Since the draft simulator is already written in R, I decided to start modeling value with two of the bread and butter models readily available, linear regression with fused lasso regularization through glmnet, and gradient boosted trees through xgboost. Of course, the strength of the Atari paper was the use of the latest and greatest convolutional networks, and maybe it’s worth eventually building up to that, but for a quick first cut, I wanted to try something simple that works out of the box.

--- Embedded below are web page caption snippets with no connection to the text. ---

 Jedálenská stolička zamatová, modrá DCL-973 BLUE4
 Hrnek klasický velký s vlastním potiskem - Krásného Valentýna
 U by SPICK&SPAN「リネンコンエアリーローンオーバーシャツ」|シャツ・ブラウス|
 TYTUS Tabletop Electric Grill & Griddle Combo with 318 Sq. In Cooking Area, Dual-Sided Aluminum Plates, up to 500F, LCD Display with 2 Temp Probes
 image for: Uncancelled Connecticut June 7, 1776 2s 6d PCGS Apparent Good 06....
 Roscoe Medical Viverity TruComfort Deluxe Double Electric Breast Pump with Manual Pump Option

States, actions, and rewards in FF drafts. The state of a roster at some point in the draft, s_t, is the current set of players in each position. Actions, a_t, are the possible player selections available on that turn. The problem would be terribly sparse if there was one value of a_t for every player in the league on every possible turn. Instead, we can represent the possible actions, a_t, with features in Q(s, a) that generalize across players in a given position. Again, just to start, I used some basic player descriptors, including position, preseason point forecasts, bootstrapped confidence intervals of the preseason forecasts, VBD reward with various baselines, and counts of players already on the roster.

My goal for this model is to obtain the greatest total points from all starters on the roster, and so the form of the reward would be slightly different than in VBD. Whereas VBD looks at the player’s individual points, I am interested in if a player would improve the overall roster score, so here the immediate reward is: r_t=\text{Pts}(s_t)-\text{Pts}(s_{t-1}), where \text{Pts}(s_t) returns the total points (realized by end of season or projected preseason) that we would get by selecting the top starters already on the roster. So for example, if the WR drafted fourth ended up with more season points than WRs drafted earlier, the reward would be the difference in total starter value at the end of the season.

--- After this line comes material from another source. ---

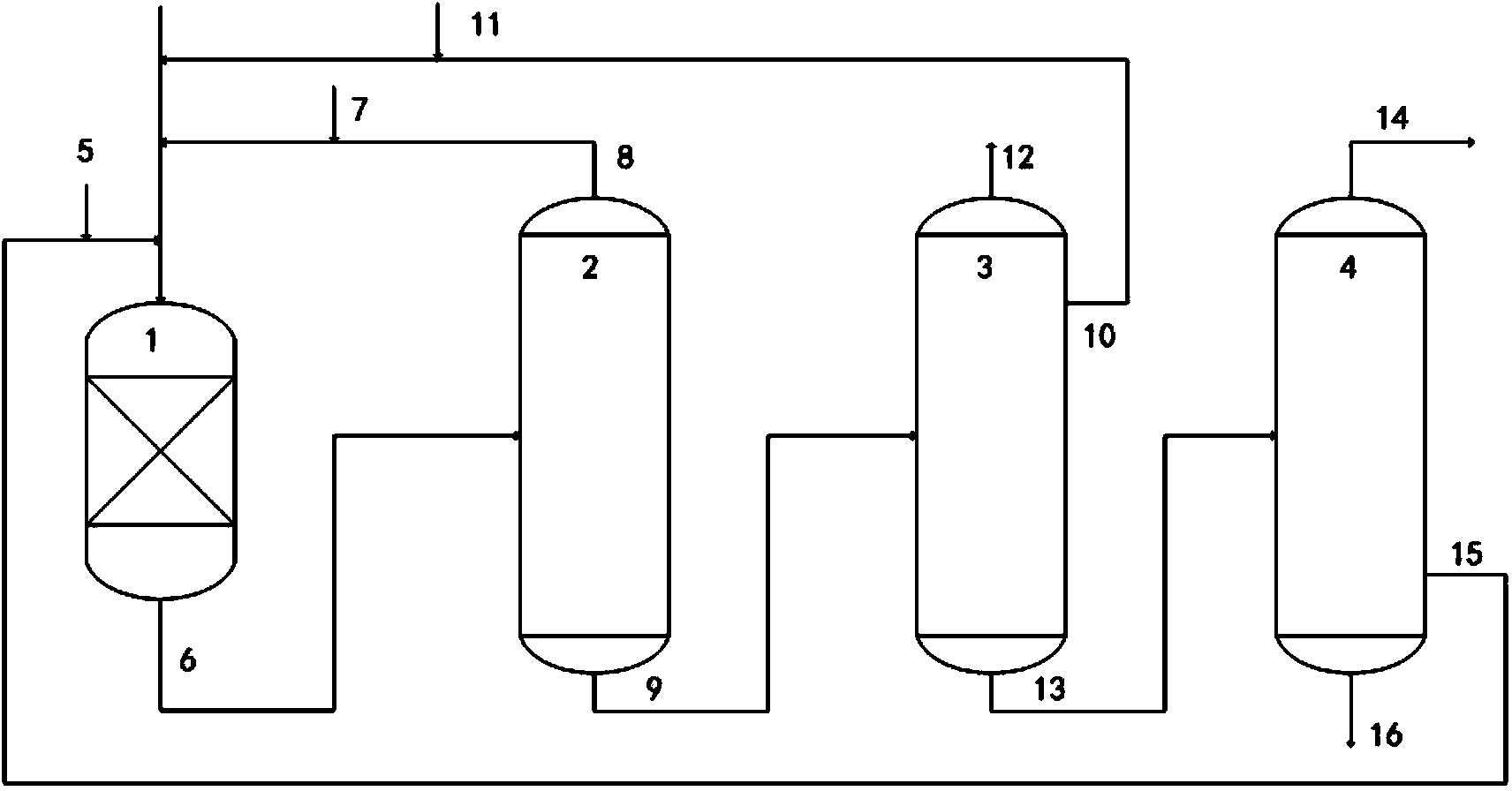 Process method for preparing (methyl) tert-butyl acrylate through continuous method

For simulating drafts, I used \epsilon-Greedy policy. Greedy selections were made with probability 1-\epsilon by ranking players in each position according to Q(s,a), and selecting the player with the overall highest value. Exploration selections were made with probability \epsilon by ranking players in each position according to Q(s,a), and selecting the top player from a random position. To log experience for replays, I logged just the top players in each position on each draft turn. I simulated drafts in leagues where all opponents were either typical humans or precisely followed VBD recommendations.

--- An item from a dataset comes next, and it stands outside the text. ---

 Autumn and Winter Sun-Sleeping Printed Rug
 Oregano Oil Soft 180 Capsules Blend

The R scripts to learn and evaluate the Q-value functions are here. I used the same three seasons as before (2014-2016) and evaluated performance relative to human and VBD drafters.

Results so far.

With a slight amount of tuning, we converge pretty quickly, and it is straightforward to find a Q-value function that outperforms VBD in a league of humans on data within the same year. At the same time, it is easy to fail miserably at generalizing across years, and in some cases, would probably need to invest a bit more TLC just to beat plain old VBD.

Learning Curves

I first learned a Q function for each season, alternating drafts against all human or all VBD leagues, random sampling draft positions. To do this I used a fixed \epsilon-Greedy exploration policy and used xgboost as the value model. I evaluated performance as the rank of the best starting roster selected using actual points collected by a player that season. The learning curves below show the rolling median and 0.25-0.75 interval. In general performance seems to converge after the first few hundred iterations.

learningCurves.png

Comparison with VBD

To see if this actually managed to improve over the VBD baseline from the previous post, I looked at how rosters selected using the learned values would rank in a draft in a human league compared with how VBD would rank. Using the logged experience from the xgboost exploration above, I retrained the value function either using glmnet or xgboost as the model. At first glance, this seems fine to do since we’re taking an off-policy learning approach anyway, but can revisit this. To look at the ability to generalize, I either trained only on the same year that the model would be evaluated on, or I trained using the other two years.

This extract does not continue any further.